GIVEN ENTRIES ▸
------

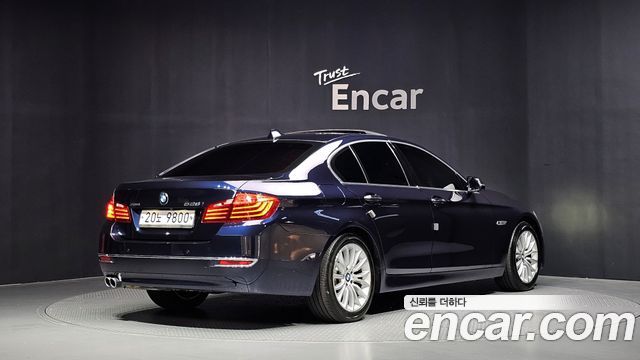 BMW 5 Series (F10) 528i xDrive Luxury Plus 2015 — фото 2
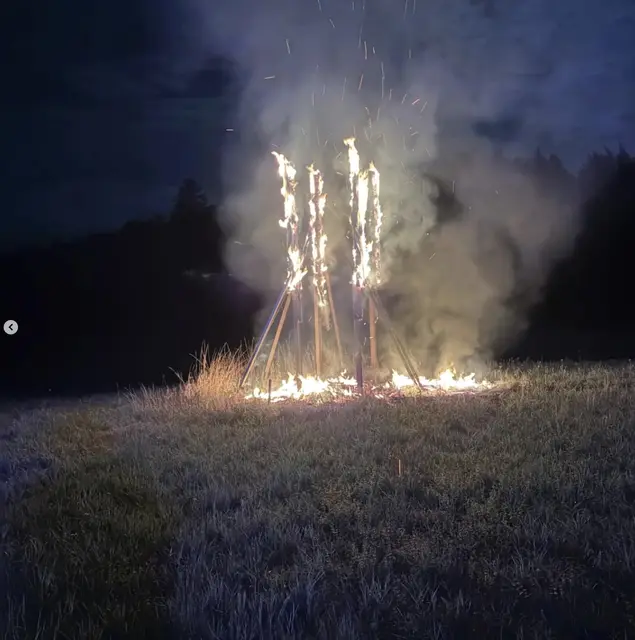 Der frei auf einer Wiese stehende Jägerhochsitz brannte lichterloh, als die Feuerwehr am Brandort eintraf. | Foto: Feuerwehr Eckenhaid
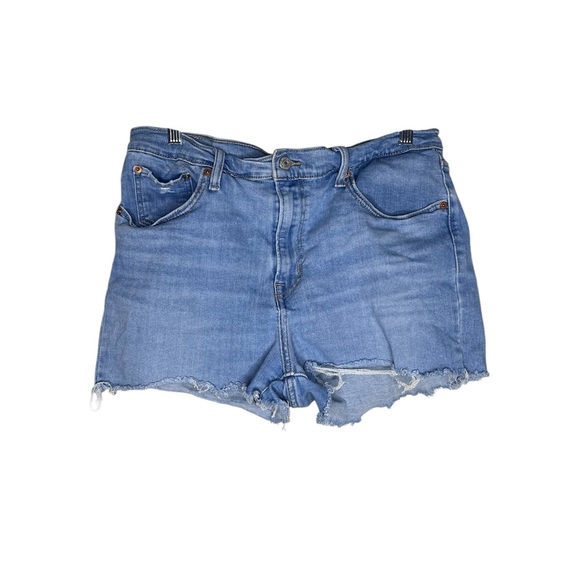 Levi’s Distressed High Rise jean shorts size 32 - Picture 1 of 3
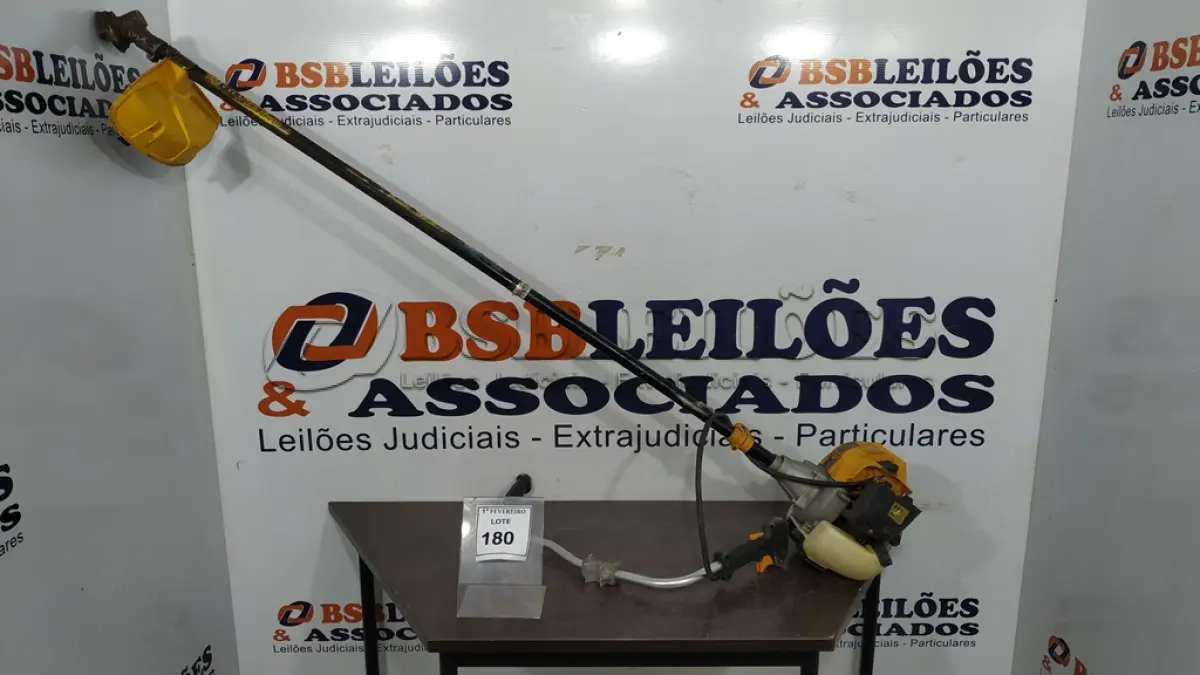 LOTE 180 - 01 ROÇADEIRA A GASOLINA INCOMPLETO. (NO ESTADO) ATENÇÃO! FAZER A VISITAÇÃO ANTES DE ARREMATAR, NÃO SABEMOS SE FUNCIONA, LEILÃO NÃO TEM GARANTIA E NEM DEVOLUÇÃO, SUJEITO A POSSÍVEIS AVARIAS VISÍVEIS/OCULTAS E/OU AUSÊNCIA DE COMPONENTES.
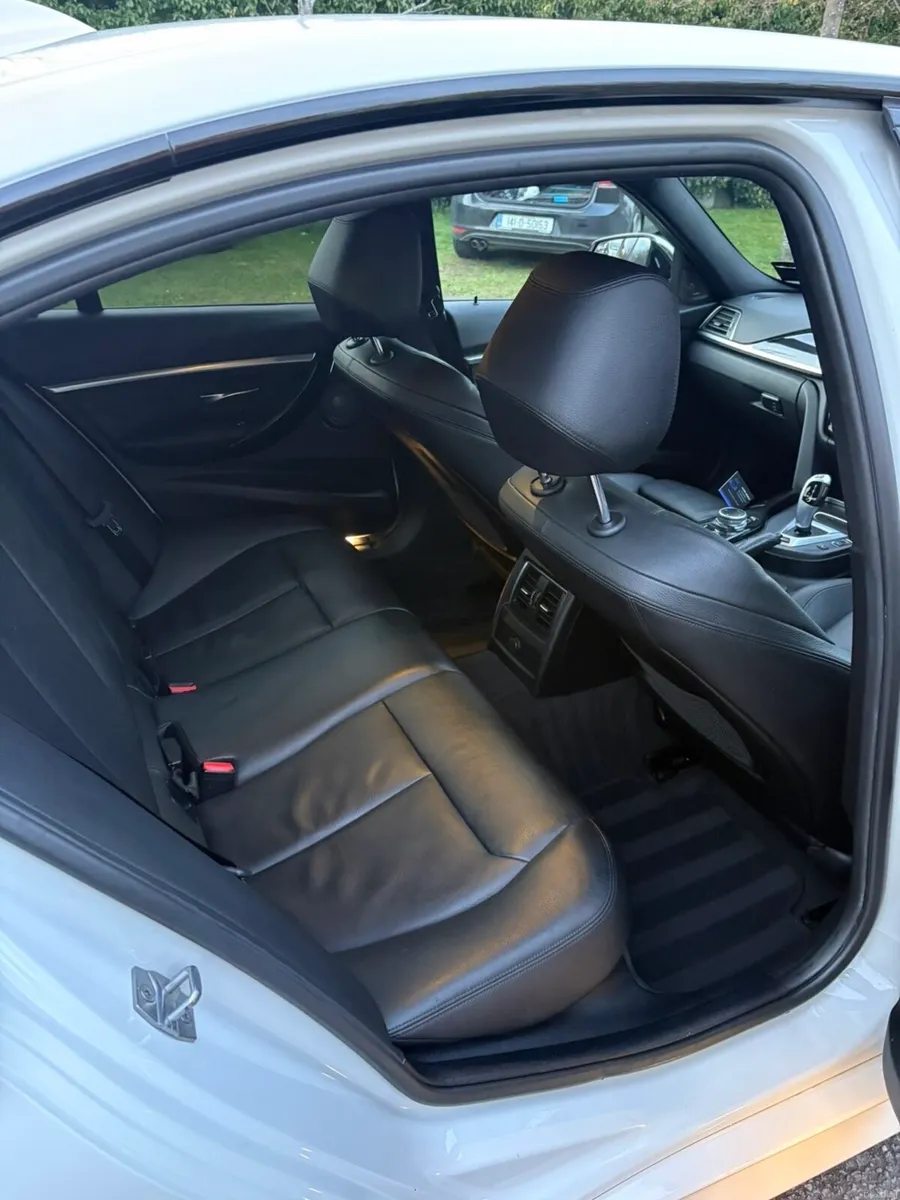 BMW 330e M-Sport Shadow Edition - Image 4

------

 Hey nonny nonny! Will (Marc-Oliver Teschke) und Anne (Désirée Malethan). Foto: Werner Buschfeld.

------

BRIEF ▸
Everything from the line with "Levi’s Distressed High" down to the line with "BMW 330e M-Sport Shadow Edition - Image 4" in the data above should be copied exactly, with both end lines kept and the pictures left out.

SOLUTION ▸
 Levi’s Distressed High Rise jean shorts size 32 - Picture 1 of 3
 LOTE 180 - 01 ROÇADEIRA A GASOLINA INCOMPLETO. (NO ESTADO) ATENÇÃO! FAZER A VISITAÇÃO ANTES DE ARREMATAR, NÃO SABEMOS SE FUNCIONA, LEILÃO NÃO TEM GARANTIA E NEM DEVOLUÇÃO, SUJEITO A POSSÍVEIS AVARIAS VISÍVEIS/OCULTAS E/OU AUSÊNCIA DE COMPONENTES.
 BMW 330e M-Sport Shadow Edition - Image 4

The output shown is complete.